Toprak has also long been a fan of superhero film scores. She grew up in Istanbul and started studying music when she was about 5, focusing on violin and then classical guitar. But she decided she wanted to compose for film after falling in love with classic compositions such as John Williams’s score for Richard Donner’s “Superman” (1978).
“I don’t know how many times I’ve watched it,” Toprak said. “I know pretty much all of the lines in it.”
She knew she needed to get to Los Angeles if she wanted to do that kind of film work, so she came up with a plan. After finishing high school at 16, she moved to Chicago to live with her brother.
Toprak, who did not know English when she arrived in the United States, applied to Berklee and enrolled as a film scoring major. She was able to finish college in two years — even though she had three jobs.
“I only had the means for two years,” she said. “I was either going to drop out or graduate in two years, and dropping out wasn’t an option.”
Richard Davis, of Berklee’s film scoring department, taught Toprak and remembers her talent and work ethic.
“She certainly stood out. She was highly motivated. She presented herself extremely professionally right from the get-go.”
After Berklee, she moved to Los Angeles, where she got an internship at Paramount Pictures in the music department. She went on to work for Hans Zimmer, who has scored such films as “The Lion King” (1994), “Gladiator, (2000), and “Dunkirk” (2017).
Toprak has also taught online courses for Berklee. Asked to describe her style, she laughs.
“I never know what my sound is, and I have people telling me, ‘Oh, that sounds just like you!’ and like, ‘I don’t know what that is.’ . . . I like a beautiful counterpoint that lends itself to driving harmonies. But as far as style goes, I’ve written for different genres, and every genre requires its own kind of writing. And I love that about what I do because I never did the same thing again.”

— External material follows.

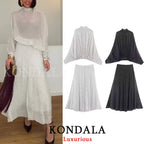KONDALA Vintage Polka Dot Women Sets Chiffon Bow Tie Loose Blouses Loose Long Skirts Fashion 2026 Spring Summer Holiday Suits - Matrix-studios.com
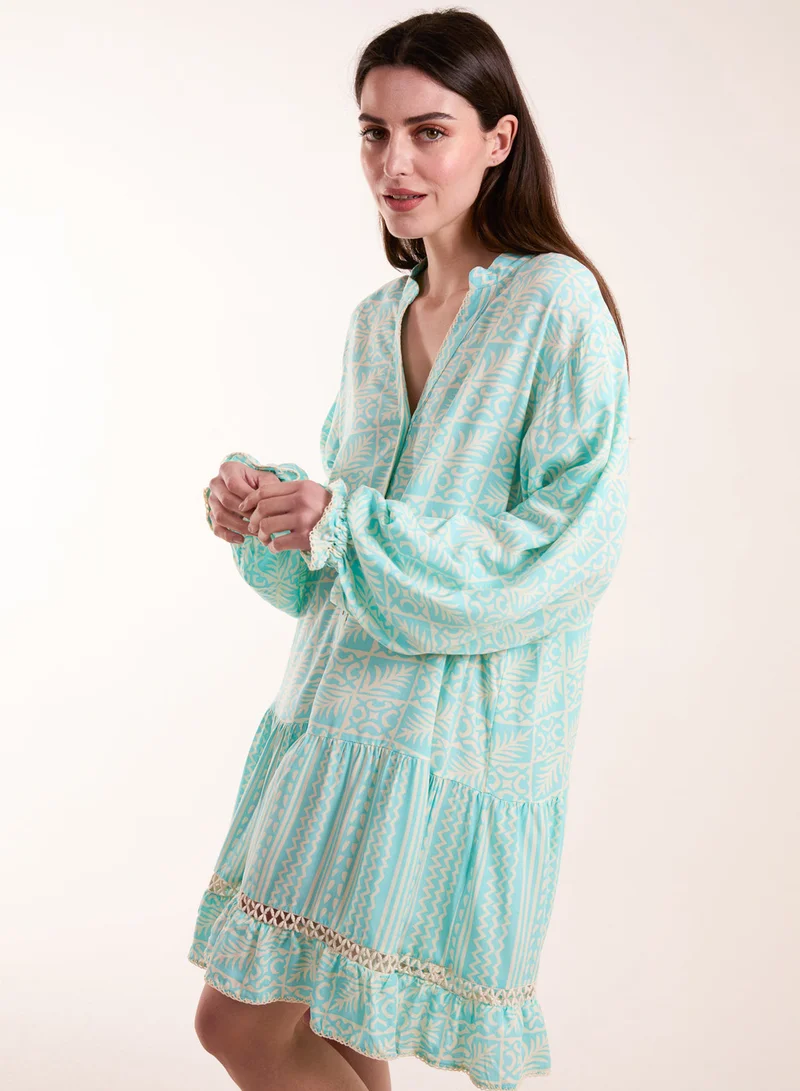 Blue Vanilla Tiered Button Down Mini Dress With Tier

Asked via e-mail about Toprak’s work on “Captain Marvel,” directors Ryan Fleck and Anna Boden had this to say: “We loved that Pinar was willing to take some wild swings with her music in her early demos. Not all of it is in the movie, but it was her fearlessness and playfulness and the emotional resonance in the music that really surprised us. Her ability to balance all of that while still managing to make a cohesive, singular score is what most impressed us.”
Disney, which owns Marvel Studios, has not released the theme to the film, but Toprak did say a little about what fans can expect with the score. She said that often superhero themes begin with a certain kind of musical interval — usually a fourth or a fifth. (Williams’s theme for “Superman” begins with a fifth.)
For Captain Marvel, Toprak wanted to try something a bit different.
“My theme opens with a minor seventh . . . because higher, further, faster is Captain Marvel, right?”
Toprak says the music also has heart — and maybe that’s her style.
“I try to find the heart, to capture the emotion so that’s the first thing that I go for. Because I feel like I’m supposed to find the heart, and everything else is all technical.”